There's a great and funny talk by James Kunstler about how are are doing city planning badly.

https://www.ted.com/talks/james_howard_kunstler_dissects_sub...

He talks about similar issues with some other big buildings in the urban landscape.

Over 9000 internet points for posting Kunstler.

His TED talk is literally how I in my early twenties realized that I hated life in my native, post-WWII Helsinki modernist, mid-rise suburbs.

Without being able to put my finger on it, I'd always despised the whole ideology of your home being a generic place to put your crap and sleep in, separated from the rest of society on the condescending premise that being surrounded by generic "nature" is good for you. I never wanted a car, and I loathe hanging out in spaces where every adult supposed to drive one.
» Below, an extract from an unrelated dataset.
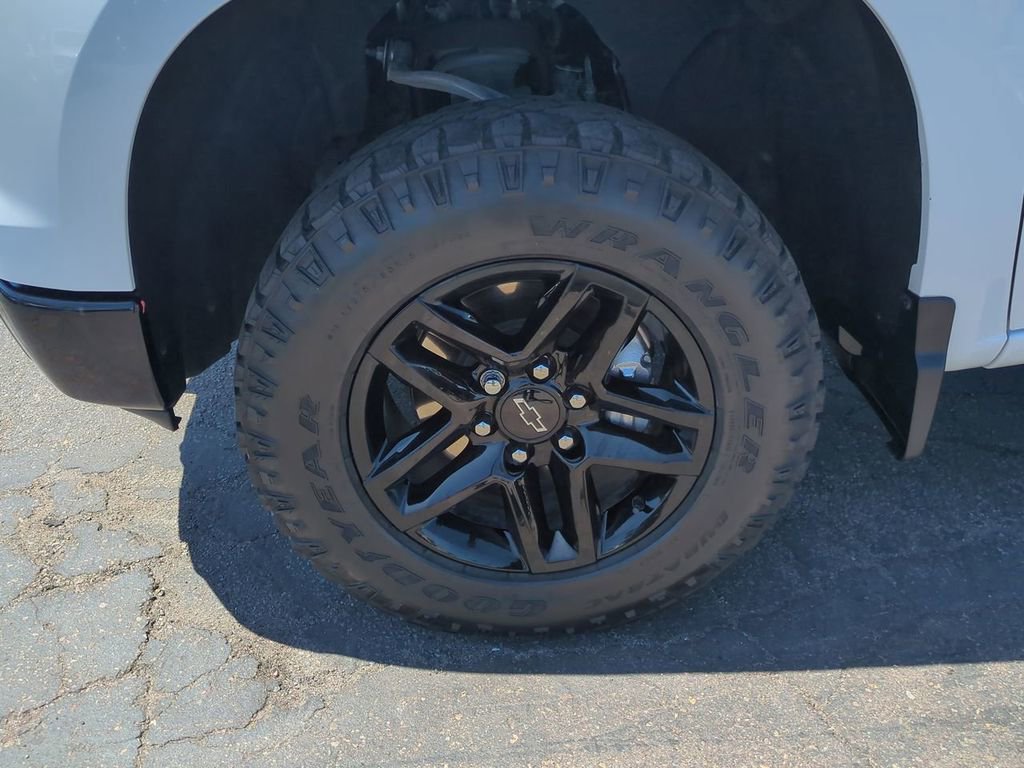 Certified 2023 Chevrolet Silverado 1500 Custom Trail Boss image 32
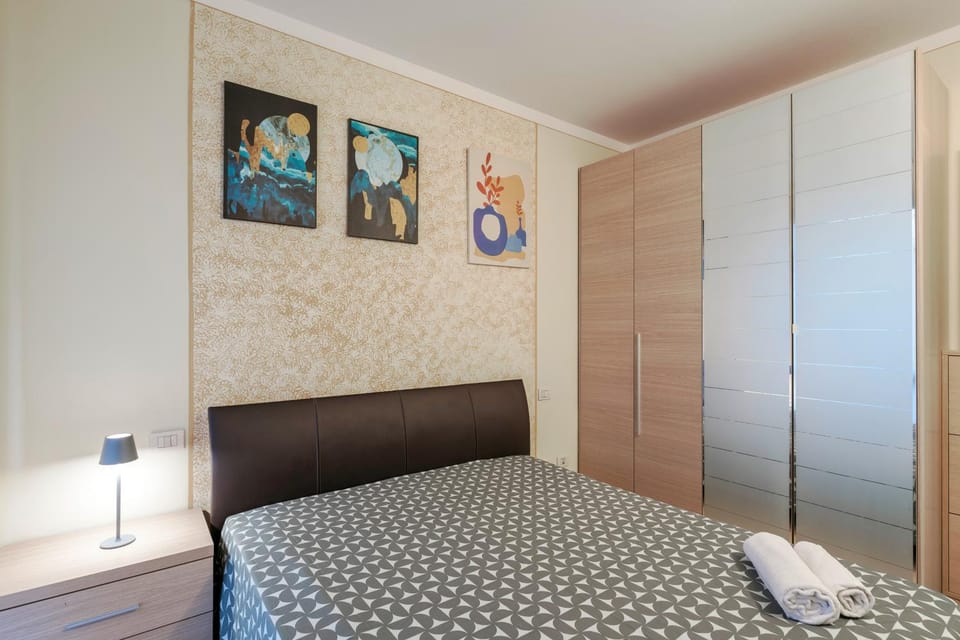 Bed, Photo of the whole room, Bedroom, wardrobe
I totally get why the Le Corbusier crowd saw 19th and 20th century inner cities as cramped, dark and unhealthy. Poor sanitation and fumes from lead mixed gasoline alone are good reasons to escape the urban core.

But technology has improved to the point where suburban sprawl is nothing but a tragedy in how it formed whole societies and middle classes around compulsory car ownership. I love how Kunstler angrily summarises thinkers like Jane Jacobs: The quality of culture and civic life is limited by the quality of the built spaces around us.

I've moved downtown to the Kallio district in Helsinki. I'm certainly building my adult life around the assumption that a significant chunk of my income will go to paying high rents. I'm not the only one who has realized that life is better in the small number of dense neighborhoods of pre-war Helsinki that were built like a real European city with services and life in mind.